Exley died of alcoholism in 1992 at the age of 63. Most of his life had been spent living with friends and family members. The only job he apparently ever held was as a high school English teacher for a couple of years. He was an utter failure, an utter misfit in mainstream American life. In fact a recent biography of him by Jonathan Yardley is entitled "Misfit." He wrote this novel as well as fictional memoirs, "Pages from a Cold Island" and "Last Notes from Home." He won several prizes for non-fictional short pieces and journalistic bits, too. This novel is regarded as a cult classic and consists of a picaresque account of Exley's drunken wanderings in and out of a mental institution along with great portrayals of the strange characters he had encountered in his life. He is tortured by the memory of his father, a football hero who died when Exley was a teenager. Unlike his father, Exley is an abysmal failure at everything in life. He is a football fan, fixated on the New York Giants and most particularly, Frank Gifford. In fact therein lies the heart of his big epiphany at the end of the novel. Just as importantly, he has wonderful insights into the torture of becoming a writer and what he went through to get there. The book is just brutally, unbelievably honest. It is most certainly a book for only a small number of readers--those who have something of the misfit in themselves. If you have a bit of that in you, it is an hilarious and rollicking read.

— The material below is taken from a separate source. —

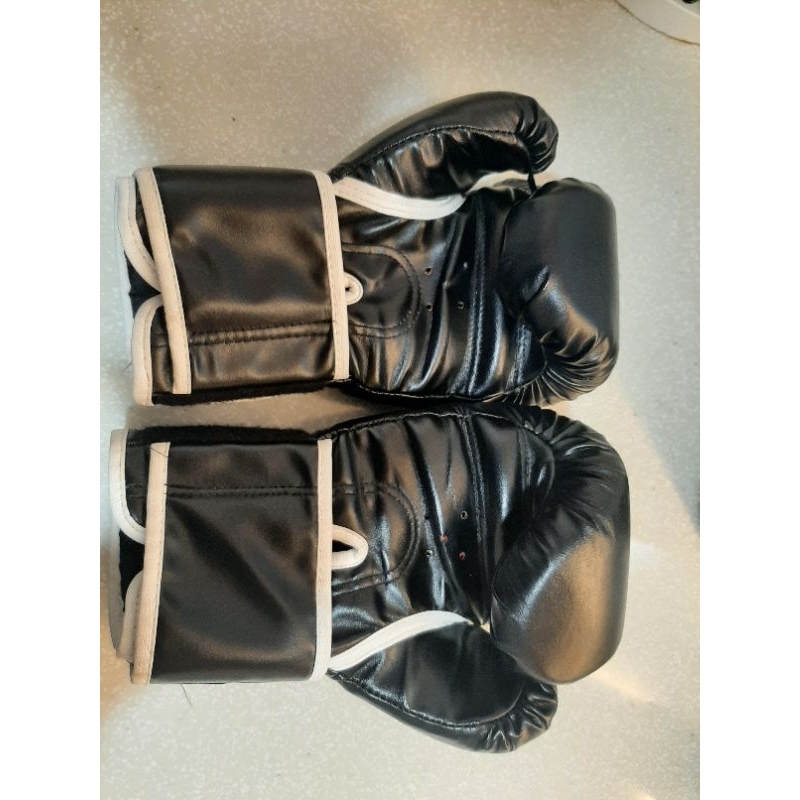 Everlast MMA Boxing Gloves 100% ORIGINAL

A Classic-but exactly why?

Since I've read this book I've tried several times to sort out just what it is that makes it so compelling. Is it the writing? Is it the story? Or is it the sad fact that this really isn't fiction at all? I believe that the book Exley wrote and the book we are reading are two completely different animals; and that this is what makes "A Fan's Notes" impossible to put down. When we read the book, we're not concerned so much with Frank Gifford as with the man behind the typewriter who truly idolized the Giant halfback. We see the tragedy in Exley's attempts to pawn off his life as humorous fiction; we see through his double-speak and rationalizations. If Exley weren't so tragic in life, this novel would be little more than cute. As such, its genius lies beyond the realm of fiction (indeed, as fiction, it's hardly genius at all) and into the realm of psychology. It's a truly original work but one which may very well have left people laughing at Exley instead of with him. And this is what makes it so remarkable.

A brutally honest book imbued with in-your-face humor.

Fredrick Exley's A Fan's Notes is the ordinary jo's book; it is a man's blunt search for the meaning of life. For him, it is not marriage, children, the perfect house and such. It is fame and glory on an unthinkable level. When that level is unattainable, the reality of ordinariness sets in, an ordinariness that is only assuaged by alcohol, shock treatment, sex, dreaming, verbal vulgarity and sports -- the latter Exley knows very much about. The trials and tribulations that make up Exley's life, and his struggle to comprehend them, makes A Fan's Notes wonderful, compelling and enjoyable reading!